Once these questions have been answered, notice, consent, data collection, and background screening processes can be set up to take into account compliance requirements. If a notice is required before completing background checks, for example, the online platform used to collect candidates’ information can be configured to automatically present them with a notice at the start of the process. Systems can be set up to automatically delete data once the retention period has elapsed.

Compliance is not an individual undertaking. HR teams should work with their compliance and legal advisors to confirm they are aligned. These advisors may require privacy impact assessments (PIAs) to be conducted to determine whether processes and systems are compliant and identify gaps. Employers completing criminal background checks through third parties should look for a background screening provider who can help them integrate compliance considerations into their workflows and stay up to date on an evolving regulatory landscape.

Supporting the candidate experience

Compliance with DPDP requirements does not only help protect employers against risk and reputational loss. It also lets candidates know that their potential employer takes their privacy seriously and is dedicated to protecting their personal data. By building data collection, notice, consent, and background screening processes that are transparent, fair, compliant, and user-friendly, employers can make a strong first impression on candidates and turn a potential liability into a competitive advantage.
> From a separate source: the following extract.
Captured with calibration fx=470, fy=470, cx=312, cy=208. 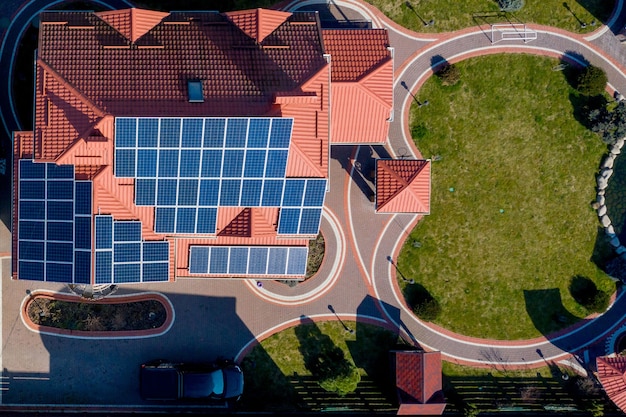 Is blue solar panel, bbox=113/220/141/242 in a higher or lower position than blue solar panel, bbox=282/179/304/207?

The DPDP Act defines how candidate and employee data must be handled in India. Employers act as Data Fiduciaries, with clear responsibilities regarding transparency, accountability, and data stewardship. All workforce screening in India must align with the Act’s data privacy requirements and respect Data Principals’ rights to access, correct, and erase their personal information.

Structured processes help support compliance and reduce risk, which is why HR teams should collaborate with their legal and compliance advisors to put in place thorough hiring and screening guidelines. Organizations should also work closely with their background screening provider to build a robust identity and screening program that takes into account DPDP data protection requirements.

Learn how First Advantage supports organisations in managing workforce screening and data protection requirements in India. Contact us.

Frequently Asked Questions

What is a Data Fiduciary?
According to the DPDP, a Data Fiduciary is the person who determines the purpose and means of processing data, which includes employers processing candidate data for employment purposes.

Is candidate consent required for background checks?
The DPDP normally requires notice and consent for all personal data collection, though it specifically provides an exception for data collected for employment purposes. While DPDP compliance for employment screening in India may not strictly require obtaining candidate consent, employers may still choose to provide notice for recordkeeping and due diligence reasons.

How should employers handle candidate data?
Employers should collect and process candidate data for lawful purposes only, take steps to verify the data’s accuracy and safeguard it against unauthorized use and access, and respect candidates’ rights in relation to their data, including the right to access, correct, and delete it.

What are the risks of non-compliance?
Data Fiduciaries, including employers, who fail to take reasonable security safeguards to prevent personal data breaches may be fined up to 250 crore rupees. Failure to notify the Data Protection Board of India or affected individuals of a personal data breach can incur additional fines of 250 crore rupees. Other instances of non-compliance may result in fines of 50 crore rupees.

Is consent required for background screening under DPDP?
While the DPDP Act provides an exception for employment purposes, many employers still provide notice and consent as a best practice to support transparency and recordkeeping.